About     Projects     GitHub     Now     Else

Data Wrangling with PostgreSQL

Wrangling raw data into well normalized, efficiently queryable tables in PostgreSQL can be challenging, especially for those with limited prior SQL exposure. In this tutorial, I’ve created a step by step guide to walk you through the process of munging and normalizing data about famous people from a practice data set.

PostgreSQL

Before starting, please download and import this practice database into PostgreSQL.

Eliminating Anomalies

Before we can begin organizing our raw data up into separate normalized tables, we will need to eliminate the anomalies in our data. For example, in the nationality field, “Dutch” and “Holland” both refer to the same nationality, but, if we want to search for everyone from the Netherlands, we would need to include both terms separately. Repairing these types of issues will require some wrangling as there are non-normalized duplicates in both the occupation and nationality fields.

To update a table value in PostgreSQL, use the follow command structure:

UPDATE <table name>
SET <column name> = <new value>
<condition clause(s)>

Example:

UPDATE raw_data
SET nationality = 'Netherlands'
WHERE nationality = 'Holland'
OR nationality = 'Dutch'

As an exercise, continue the normalization process on your own. To check whether you have successfully removed all anomalies, use a query with the following structure:

SELECT DISTINCT <column name> FROM <table name> ORDER BY <column name>

Example:

SELECT DISTINCT occupation FROM raw_data ORDER BY occupation

For larger lists, you might need to bring in a tool like Open Refine, but for this tutorial, you should be able to verify that each field is normalized by eye.

For the purposes of this tutorial it is not critical the you update every nationality to reflect the appropriate demonym, but simply that you make sure that every nationality and occupation in the the raw_data table is represented consistently.

Modeling Ancillary Data Tables

After all of the anomalies are removed, we can create new tables to organize our data. Before creating the new tables, it might be helpful to think in terms of classes (generalizations) and instances (specific examples) where the table structure represents a model consisting of an identifier and properties or attributes (a generalization) and each row represents an instantiation (a specific example) of that model.

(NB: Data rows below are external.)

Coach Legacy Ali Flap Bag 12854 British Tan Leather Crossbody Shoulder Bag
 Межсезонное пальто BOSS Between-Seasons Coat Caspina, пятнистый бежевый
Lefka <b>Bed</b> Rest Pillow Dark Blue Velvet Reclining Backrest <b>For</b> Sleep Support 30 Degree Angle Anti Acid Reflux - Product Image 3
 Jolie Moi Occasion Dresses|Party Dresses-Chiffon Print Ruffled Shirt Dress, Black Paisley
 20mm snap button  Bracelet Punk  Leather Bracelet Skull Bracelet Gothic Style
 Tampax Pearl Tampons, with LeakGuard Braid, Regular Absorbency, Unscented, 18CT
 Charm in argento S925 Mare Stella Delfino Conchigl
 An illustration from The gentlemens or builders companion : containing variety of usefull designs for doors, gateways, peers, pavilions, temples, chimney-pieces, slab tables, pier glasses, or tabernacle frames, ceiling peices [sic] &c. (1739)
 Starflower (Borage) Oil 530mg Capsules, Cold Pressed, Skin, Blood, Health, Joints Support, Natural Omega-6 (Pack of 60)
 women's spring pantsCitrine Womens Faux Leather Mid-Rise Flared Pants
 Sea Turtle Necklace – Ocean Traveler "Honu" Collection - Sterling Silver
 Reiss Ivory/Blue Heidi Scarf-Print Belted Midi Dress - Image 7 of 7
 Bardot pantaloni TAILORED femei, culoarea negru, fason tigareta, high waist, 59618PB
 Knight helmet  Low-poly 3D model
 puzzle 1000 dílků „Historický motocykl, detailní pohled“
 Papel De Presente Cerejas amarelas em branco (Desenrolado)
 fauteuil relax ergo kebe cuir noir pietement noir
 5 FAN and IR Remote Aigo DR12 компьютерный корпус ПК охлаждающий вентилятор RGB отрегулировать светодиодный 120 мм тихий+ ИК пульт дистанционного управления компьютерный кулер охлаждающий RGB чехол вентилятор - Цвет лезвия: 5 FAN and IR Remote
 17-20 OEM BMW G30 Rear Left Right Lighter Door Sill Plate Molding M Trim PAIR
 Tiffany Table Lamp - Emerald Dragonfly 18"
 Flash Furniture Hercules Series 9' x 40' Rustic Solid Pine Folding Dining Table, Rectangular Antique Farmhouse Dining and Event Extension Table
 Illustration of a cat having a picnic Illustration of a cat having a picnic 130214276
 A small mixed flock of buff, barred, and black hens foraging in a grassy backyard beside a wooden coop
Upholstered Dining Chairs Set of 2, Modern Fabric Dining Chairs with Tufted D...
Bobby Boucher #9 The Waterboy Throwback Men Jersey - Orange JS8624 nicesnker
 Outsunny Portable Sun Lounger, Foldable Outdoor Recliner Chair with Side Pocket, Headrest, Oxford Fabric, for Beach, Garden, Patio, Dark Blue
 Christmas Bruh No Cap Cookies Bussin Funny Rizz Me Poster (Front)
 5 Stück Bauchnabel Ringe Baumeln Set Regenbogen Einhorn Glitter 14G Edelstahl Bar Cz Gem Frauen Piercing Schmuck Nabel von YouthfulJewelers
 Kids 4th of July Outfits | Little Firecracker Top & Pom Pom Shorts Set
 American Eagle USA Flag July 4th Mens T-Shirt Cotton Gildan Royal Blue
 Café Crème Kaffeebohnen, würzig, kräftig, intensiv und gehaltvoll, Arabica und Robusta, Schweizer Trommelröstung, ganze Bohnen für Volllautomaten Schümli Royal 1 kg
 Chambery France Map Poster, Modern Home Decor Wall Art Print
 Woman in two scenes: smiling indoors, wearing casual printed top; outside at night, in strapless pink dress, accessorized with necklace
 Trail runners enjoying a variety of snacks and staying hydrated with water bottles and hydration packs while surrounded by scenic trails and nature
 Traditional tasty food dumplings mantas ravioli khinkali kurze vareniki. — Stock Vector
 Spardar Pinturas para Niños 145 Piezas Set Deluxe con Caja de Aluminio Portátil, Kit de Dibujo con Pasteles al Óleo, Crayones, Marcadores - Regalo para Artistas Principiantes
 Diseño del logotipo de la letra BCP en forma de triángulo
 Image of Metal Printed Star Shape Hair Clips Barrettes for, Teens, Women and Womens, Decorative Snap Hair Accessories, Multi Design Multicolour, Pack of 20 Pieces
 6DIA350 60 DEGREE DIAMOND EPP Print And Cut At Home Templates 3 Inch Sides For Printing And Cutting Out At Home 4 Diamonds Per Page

As an example, let’s take a look at the first five rows of our raw_data table using the following query:

SELECT * FROM raw_data LIMIT 5

Here are our results:

person occupation nationality estimated_iq_score
Abraham Lincoln politician USA 128
Marilyn vos Savant writer USA 186
Rene Descartes philosopher France 185
Thomas Chatterton writer England 180
Sofia Kovalevskaya scientist Russia 170

The fields in our raw_data table are all attributes of a person, so it makes sense to make create a person table with normalized attributes.

Before we create a “person” table, however, the raw_data table has two columns that look like good candidates for further normalization as ancillary tables:

nationality
occupation

The reason that we want to factor these attributes out into separate tables is that, when properly normalized, we can make attribute updates in a single place as opposed to applying updates across the entirety one or more tables.

For example, imagine we wanted to update the nationality attribute labeled ‘USA’ to become ‘American’. In our non-normalized raw data, we would need to use the following statement:

UPDATE raw_data
SET nationality = 'American'
WHERE nationality = 'USA'

Which would inefficiently act on 31 records as opposed to a single row if our data were properly normalized. Furthermore, in more complicated databases, there could be multiple tables that use the nationality attribute which would also need to be updated.

Each of your ancillary tables should contain fields:

Field Name Type Constraint Reference
id serial primary key
name character varying

Once these tables are created, you can use the following command structure to populate them from you raw_data table:

DROP SEQUENCE IF EXISTS <sequence name>;
CREATE SEQUENCE <sequence name> START 1;
INSERT INTO <destination table>
SELECT NEXTVAL('<sequence name>'),<column name> FROM (SELECT DISTINCT <column name> FROM <origin table>) <subquery alias>

Example:

DROP SEQUENCE IF EXISTS serial;
CREATE SEQUENCE serial START 1;
INSERT INTO nationality
SELECT NEXTVAL('serial'),nationality FROM (SELECT DISTINCT nationality FROM raw_data) t;

Modeling the Person Table

Finally, you will need to create the person table. It should contain the following fields:

Field Name Type Constraint Reference
id serial primary key
name character varying
nationality_id integer foreign key nationality
occupation_id integer foreign key occupation
estimated_iq_score integer

Once the “person” table is created you can use the following command to populate its records:

DROP SEQUENCE IF EXISTS serial;
CREATE SEQUENCE serial START 1;
INSERT INTO person
SELECT NEXTVAL('serial') id, person as name, n.id nationality_id, o.id occupation_id, estimated_iq_score 
FROM raw_data r
INNER JOIN occupation o ON o.name = r.occupation
INNER JOIN nationality n ON n.name = r.nationality

Query the “person” table. You should have 115 normalized records.

Conclusion

Congratulations! This completes the tutorial. In the next tutorial, we will use this database for exercises to practice concepts in querying.